(Brief descriptive captions)
━━━

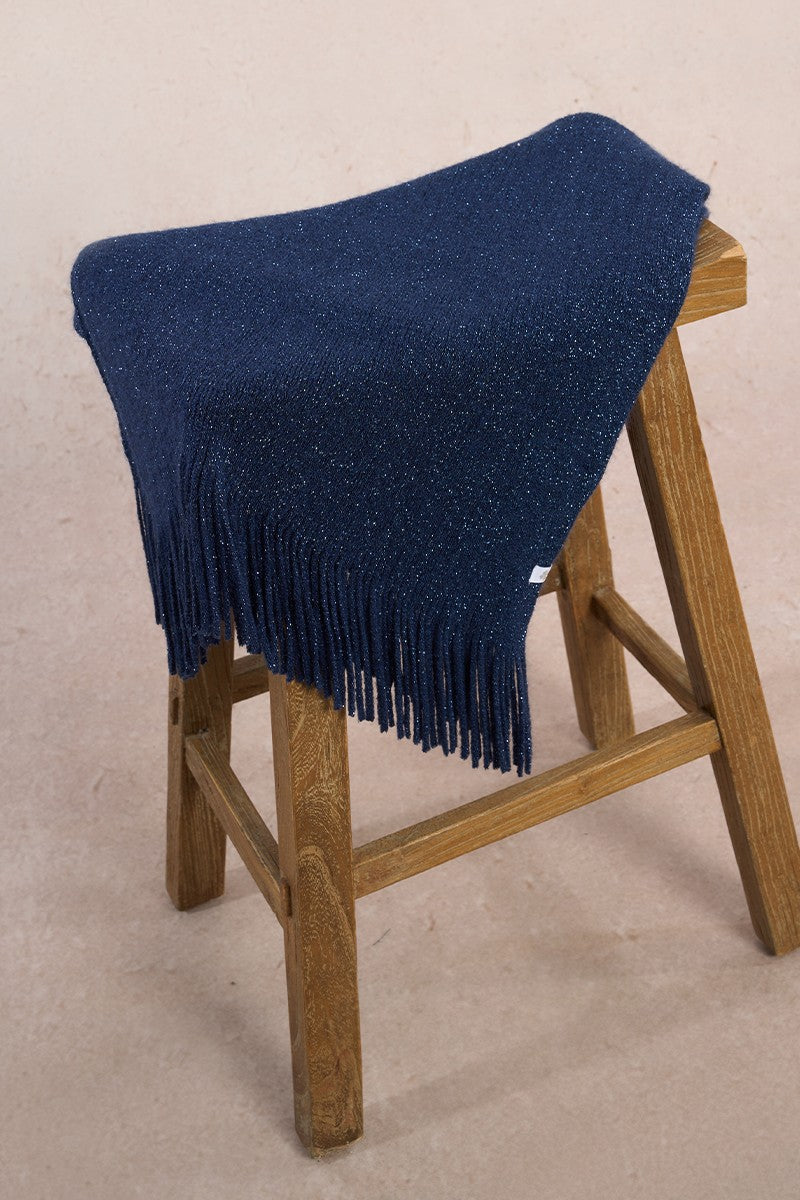 Close-up of Molly Bracken navy women’s scarf folded on stool, showing fringe texture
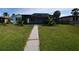 Backyard view highlighting a walkway, screened lanai, and lush green lawn at 3839 Star Island Dr, Holiday, FL 34691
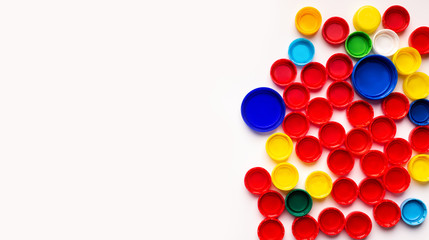 Colored covers from plastic bottles isolated on white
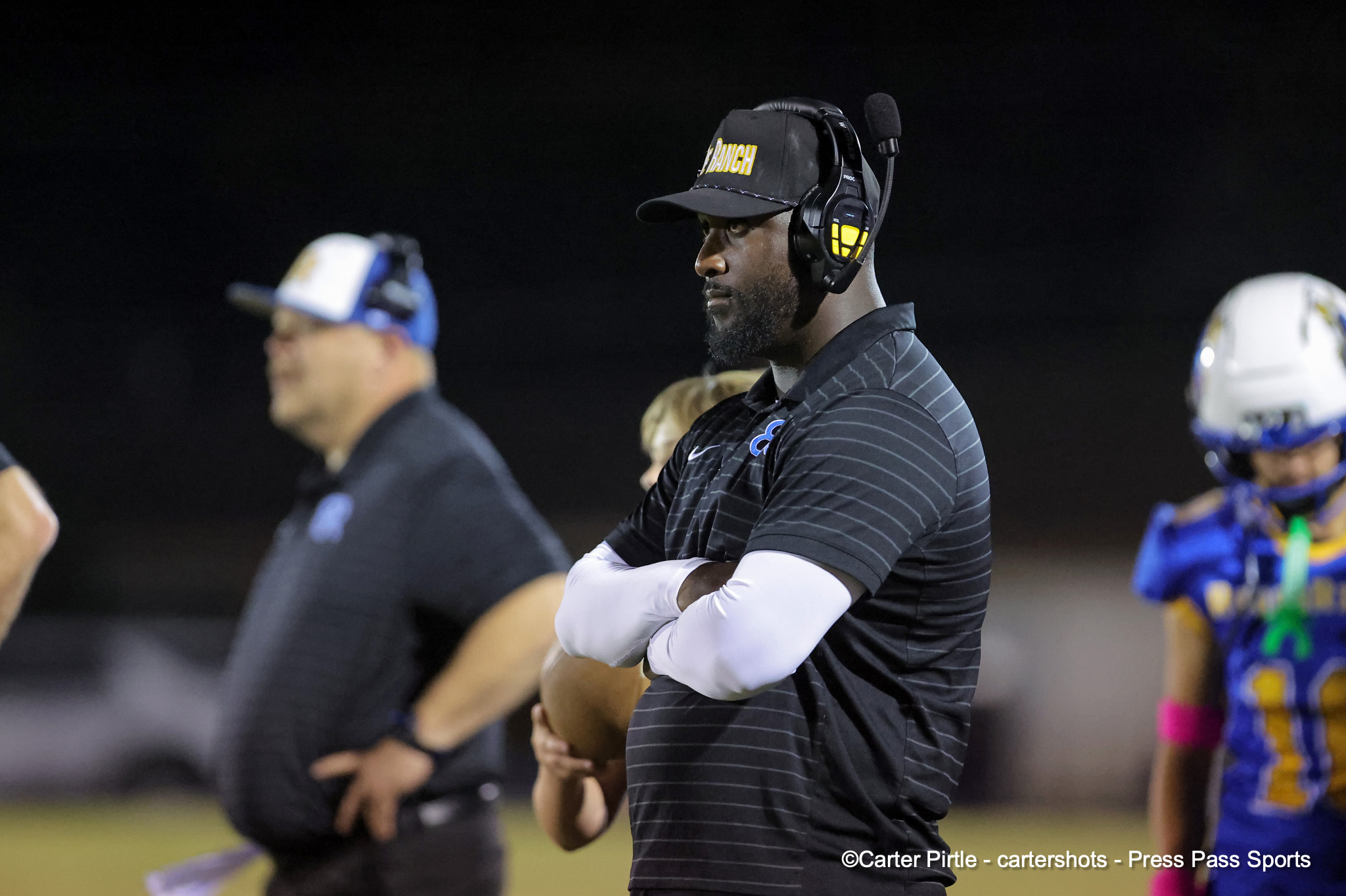 Coach on the sideline at night wearing a headset and a black cap, arms crossed.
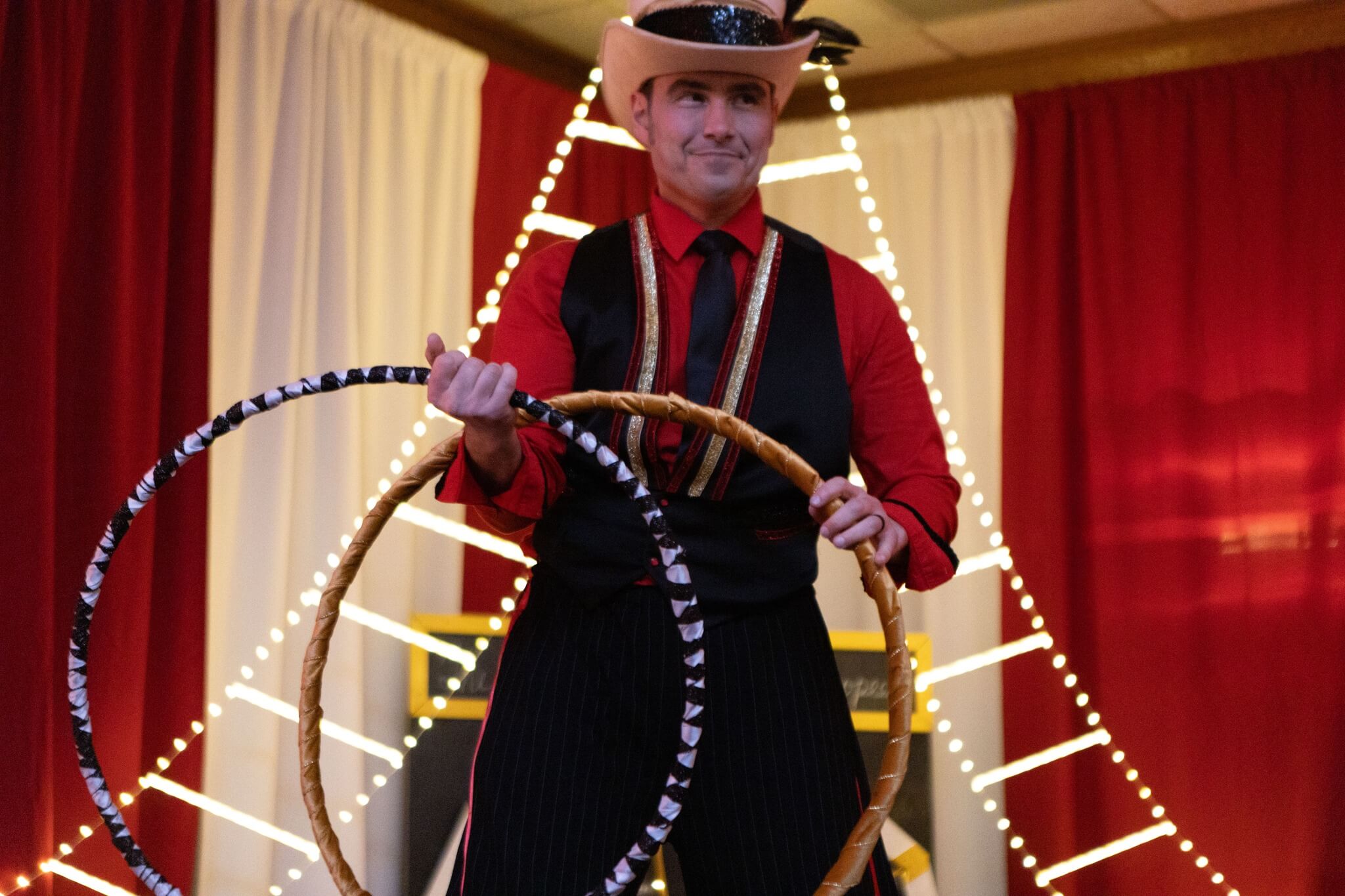 Stilt walker performing with hoops.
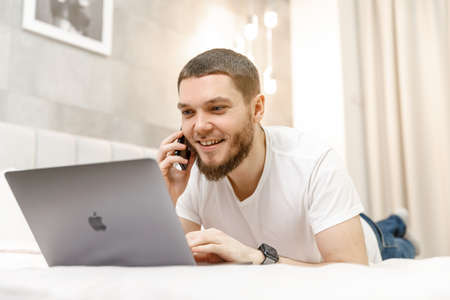 young man at home on the couch talking on the phone and looking at the laptop.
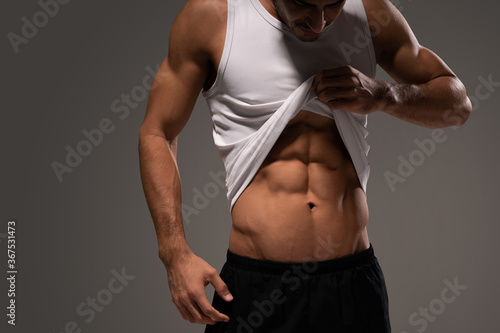 Tableau sur toile Male Athlete Looking At His Six Packs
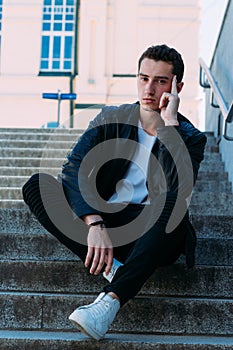 man posing sits on the steps near railing. Handsome young man in stylish black clothes and white shoes posing near a railing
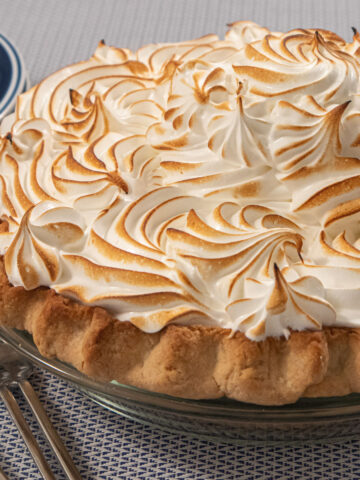 A meringue topped coconut cream pie in a glass pie pan with plates and forks beside it.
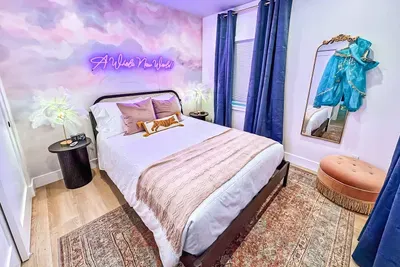 Neon nights, sky-high vibes, and a queen bed fit for royalty.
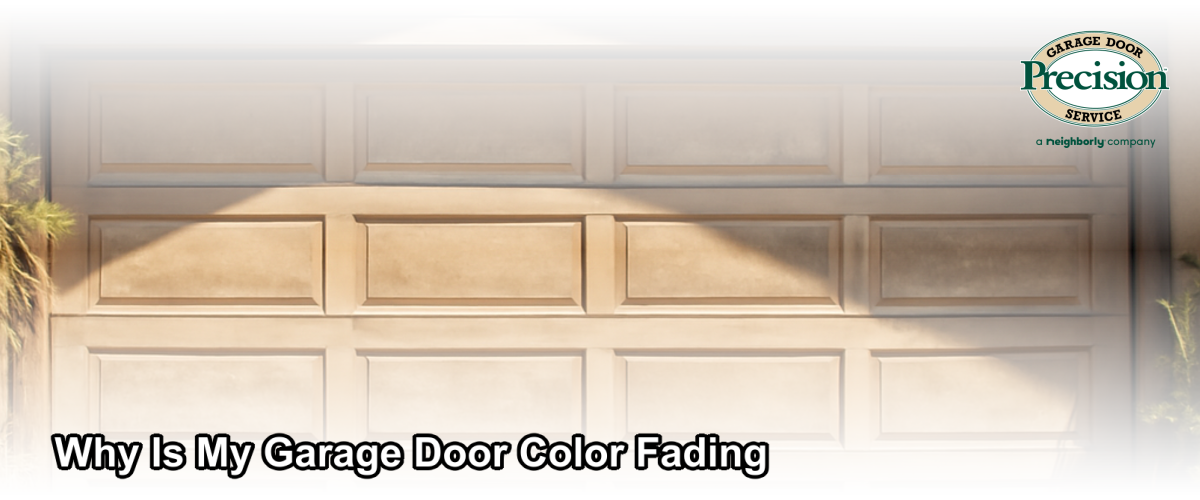 A sun-faded garage door on a residential home in Ventura, California showing visible color loss and chalking on the panel surface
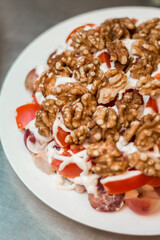 A white plate on a metallic surface holds halved walnuts, sliced red tomatoes, and grapes, topped with a drizzle of creamy white dressing.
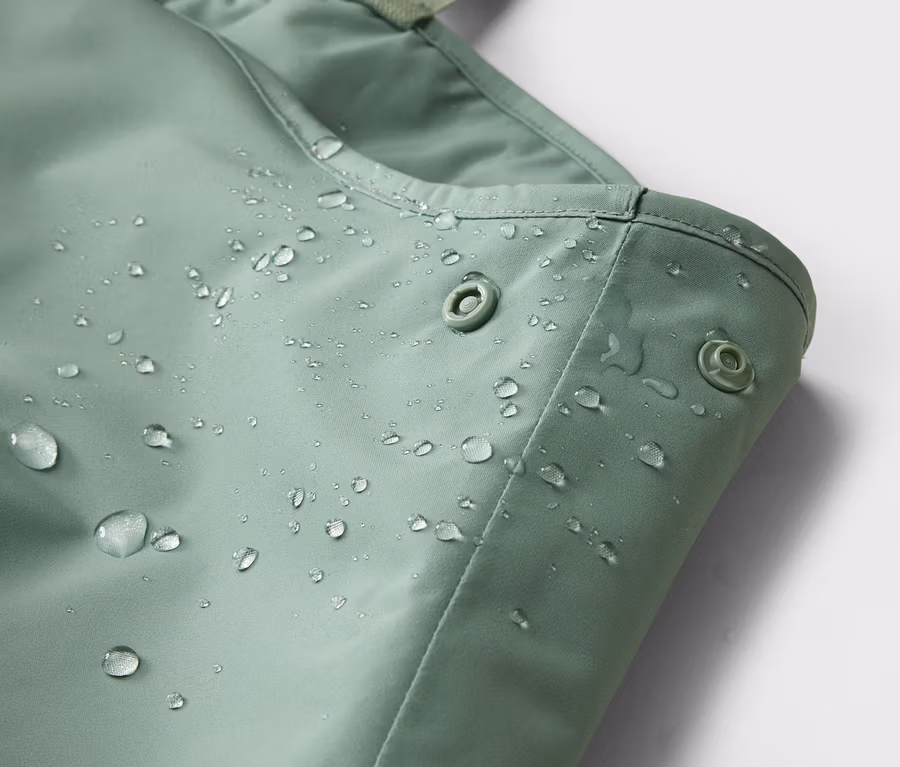 Detailný záber mätovo zeleného, vodeodolného materiálu s patentkami a kvapkami vody.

━━━

• Exercise instructions:
Copy the records above from the first line through the line containing "A white plate", both included, and leave out any pictures.

• Response:
 Close-up of Molly Bracken navy women’s scarf folded on stool, showing fringe texture
 Backyard view highlighting a walkway, screened lanai, and lush green lawn at 3839 Star Island Dr, Holiday, FL 34691
 Colored covers from plastic bottles isolated on white
 Coach on the sideline at night wearing a headset and a black cap, arms crossed.
 Stilt walker performing with hoops.
 young man at home on the couch talking on the phone and looking at the laptop.
 Tableau sur toile Male Athlete Looking At His Six Packs
 man posing sits on the steps near railing. Handsome young man in stylish black clothes and white shoes posing near a railing
 A meringue topped coconut cream pie in a glass pie pan with plates and forks beside it.
 Neon nights, sky-high vibes, and a queen bed fit for royalty.
 A sun-faded garage door on a residential home in Ventura, California showing visible color loss and chalking on the panel surface
 A white plate on a metallic surface holds halved walnuts, sliced red tomatoes, and grapes, topped with a drizzle of creamy white dressing.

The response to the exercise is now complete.